That sucks bro! You guys put your heart into that track!


----------



## GoFaster (May 4, 2005)

Damnit! Next friday was going to be the first chance for me to race in a while. I say we get M&M back going, maybe just for some electric and the rejuvenated 10th scale trucks. ??????

Ron


----------



## ddcarter3 (Jan 1, 2005)

That sucks. See yall around.


----------



## Ronnie Norris (Jul 14, 2005)

sorry to hear that they closed, but if anyone wants to go race at a place like that you always have the beach..............plenty of sand............. lol

J/k 
i liked that place. kinda sucks that once i started racing again they closed. oh well

L8
ronnie


----------



## PD2 (Jul 1, 2005)

Wow! Did not see that coming......so all that is left is Mike's and K&M.....M&M would be great, but its a matter of getting Meir on-board......is that Woodlands track still going strong? Harl's is shutdown. And then there is the River Track - are they racing consistently? Amazing that Fastrak shutdown though......

PD2


----------



## CHICKENCHASER (Dec 27, 2005)

The woodlands track is still there. Just doesn't have the established business and regular people all the time.


----------



## cjtamu (Sep 22, 2004)

Man, that is a **** shame. In the last few months we've lost the 2 best outdoor tracks in H'town. And we dang near lost K&M, and would have without Randy stepping up to the plate. H'town racers as a group need to remember this when we go to buy parts, etc. Support your LHS whenever you can or we're going to run out of places to race. And teh H'town racers and tracks need to get back together and come up with a schedule that will support the tracks we have left. RIP Fastrak.


----------



## backdraft341 (Dec 19, 2005)

hey cj i agree with you. randy has stepped up to keep racing in houston. tracks in houston are falling like flies. we need to support our local track(k&m). we need to support k&m and your local friendly hobby shop (randys hobbies). if we dont support these guys we might be out of another track. we can always count on racing every sat. rain or shine at a great price at k&m. thanks dave for keeping the track up and running every weekend. also thanks to the snack bar lady for being there every sat. we sure would like to see the electric guys come back. see ya at the track!


----------



## waterspout (May 21, 2004)

Man, they still have my TMaxx. I guess it will never get fixed. that does bite because it only five minutes from my house. Bummer. Hey Smiley, Is Braxx still going to do the gun thing or is he shutting everything down. What about orders etc.? Man this is messed up!


----------



## Smiley (Feb 2, 2005)

We will be there next tuesday-thursday to set up stuff for the lawn mower shop Brax is opening up. He is still doing the gun thing online. You can come pick up your T-Maxx next week while we are there. Sorry, shutting the shop and track down was not my decision, solely Brax's Decision.


----------



## insaneracin2003 (Feb 22, 2006)

man that sucks,i didnt even get a chance to go out there and race.i heard it was a very nice track.


----------



## Bigmax (Jul 21, 2004)

*I'm sorry it happened too.*

Houston is big enough to support more tracks.

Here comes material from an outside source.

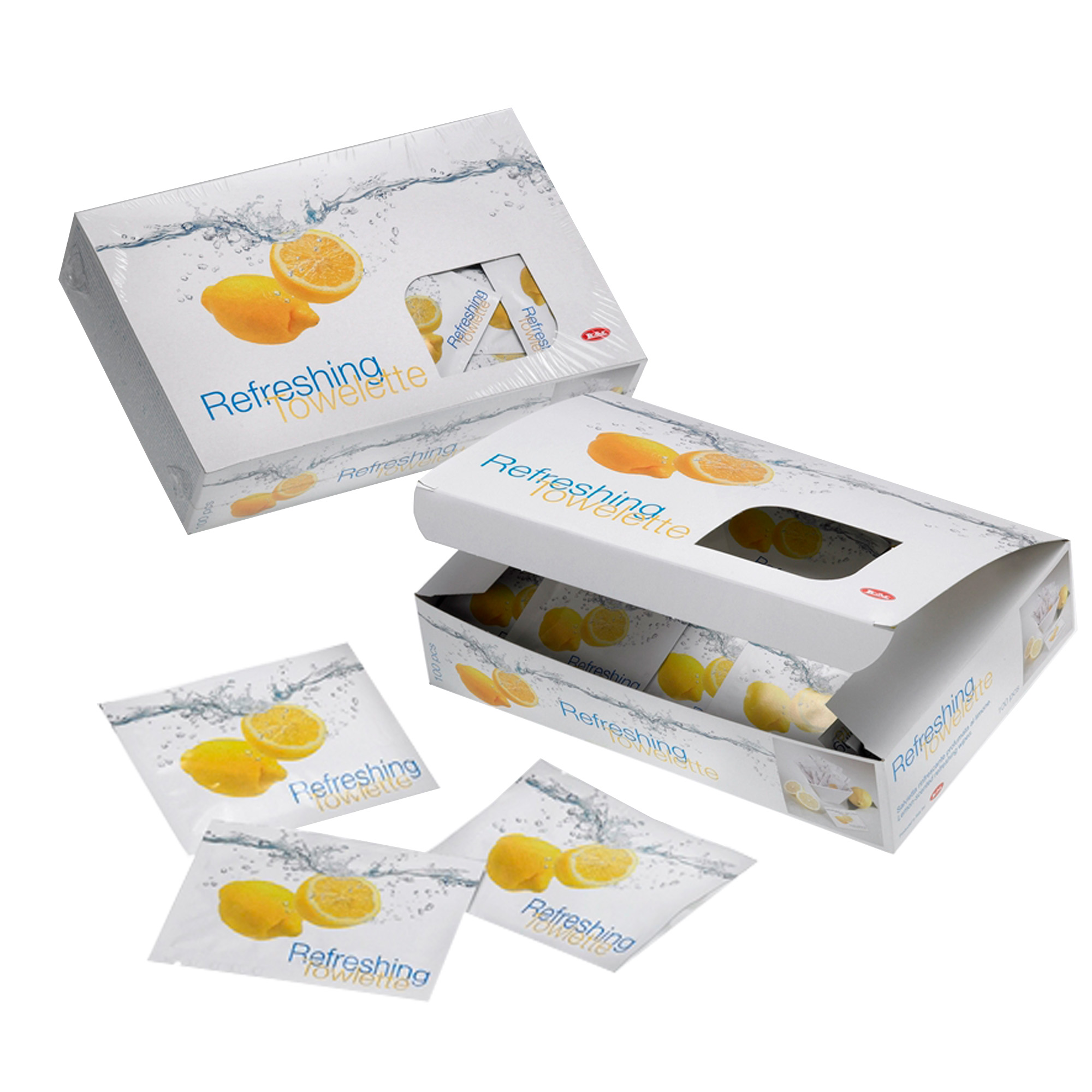 Salviette al limone di Sorrento - Leone - …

Smiley you have a PM. Please reply or call me. 713 724-4200


----------



## KevinLRC (Jul 30, 2004)

Wow, that sucks, I liked that place. Looks like K&M for now and Mikes when it opens.


----------



## waterspout (May 21, 2004)

Smiley said:


> As of today, Fastrak is now closed for good. The owner, Brax Irwin is the one who actually is shutting it down. Dont ask me why he is doing this, it was his decision. Oh well, time for a new home track, that will be Mikes once it opens!!!!

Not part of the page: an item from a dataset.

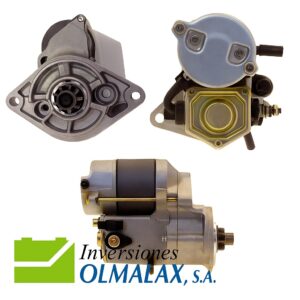 STARTER COROLLA MOTOR 1.8 MODELO 98-03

Smiley is it going to reopen as a track named Mikes?,,, or is it going to be a lawn service shop? thank for any info. Darryl


----------



## KevinLRC (Jul 30, 2004)

Mikes is a totally different track in Kingwood or Porter, don't know which one they consider it in, it's in between both.


----------



## insaneracin2003 (Feb 22, 2006)

KevinLRC said:


> Mikes is a totally different track in Kingwood or Porter, don't know which one they consider it in, it's in between both.


Porter


----------



## Ronborsk (Jan 28, 2006)

Speaking of tracks, I had high hopes for The Woodlands track but I don't think it will ever make it if they continue to try and go head to head with K & M. There is no reason that there cannot be another northside track if they complement each other. Am I the only person that feels they are making a bad decision to schedule racing that overlaps K & M times? By the way. I'll be RACING at K & M this Saturday! Break out your tenth scale gas truck and let's do this. 

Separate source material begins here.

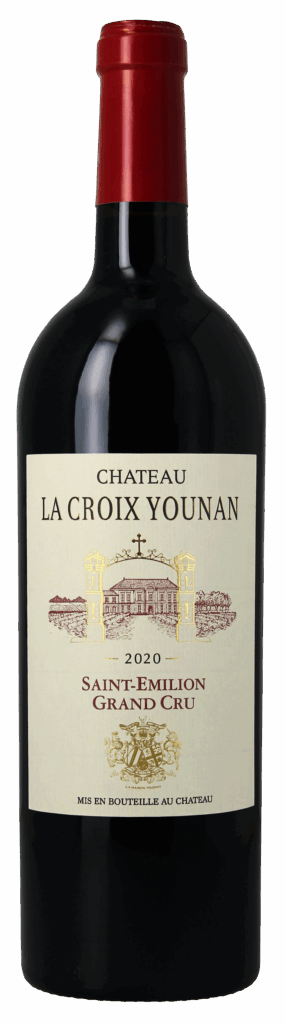 Hubert de Boüard - Château La Croix de Younan vin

I'll race in truggy one day. Just as soon as I win the lottery. Dumping too much cash lately on real life stuff.


----------



## insaneracin2003 (Feb 22, 2006)

Ronborsk said:


> Speaking of tracks, I had high hopes for The Woodlands track but I don't think it will ever make it if they continue to try and go head to head with K & M. There is no reason that there cannot be another northside track if they complement each other. Am I the only person that feels they are making a bad decision to schedule racing that overlaps K & M times? By the way. I'll be RACING at K & M this Saturday! Break out your tenth scale gas truck and let's do this.
> 
> I'll race in truggy one day. Just as soon as I win the lottery. Dumping too much cash lately on real life stuff.


your 1 day pass went through huh??
i wont be racing gas truck,my T-4 will be ready to go in mod and maybe stock though


----------



## justinspeed79 (Mar 9, 2006)

I thought they were gonna race on Sunday in the Woodlands?


----------



## backdraft341 (Dec 19, 2005)

yup they race a five


----------



## insaneracin2003 (Feb 22, 2006)

backdraft341 said:


> yup they race a five


so,travis,did you buy an STS motor to get the sponsorship? I love mine...i might see if they would like to sponsor an INSANE racer.....sweet deal...congrats


----------



## backdraft341 (Dec 19, 2005)

well not yet paul i just got the email yesterday i found out the full ride guys buy the cheap .21 and get it moded i cant fiqure out if im gettin a .21 or a .12 for the ad1 that im gettin from lyn this weekend a when u send it in put me down as a contact and i will try to get u hooked up


----------



## insaneracin2003 (Feb 22, 2006)

backdraft341 said:


> well not yet paul i just got the email yesterday i found out the full ride guys buy the cheap .21 and get it moded i cant fiqure out if im gettin a .21 or a .12 for the ad1 that im gettin from lyn this weekend a when u send it in put me down as a contact and i will try to get u hooked up


ohh,sweet,so ya gonna start racing gt??


----------



## Gary (May 21, 2004)

Im not trying to stir the pot and make trouble, but I would like to hear yalls oppinions. Please dont *"TRASH" *anyone or any track, keep it clean, but why do we seem to lose allmost every track around here?


----------



## backdraft341 (Dec 19, 2005)

yeah i might start racin gt next weekend


----------



## KevinLRC (Jul 30, 2004)

Houston is not big enough to support more than one track and still have lots of people racing every weekend. I know it sucks to say it, but I would rather have one track having good racing than 3 having watered down racing. Without THRC around to regulate where all the racing will be for the weekend, the other tracks would close, which is exactly what I figured would happen and what did happen.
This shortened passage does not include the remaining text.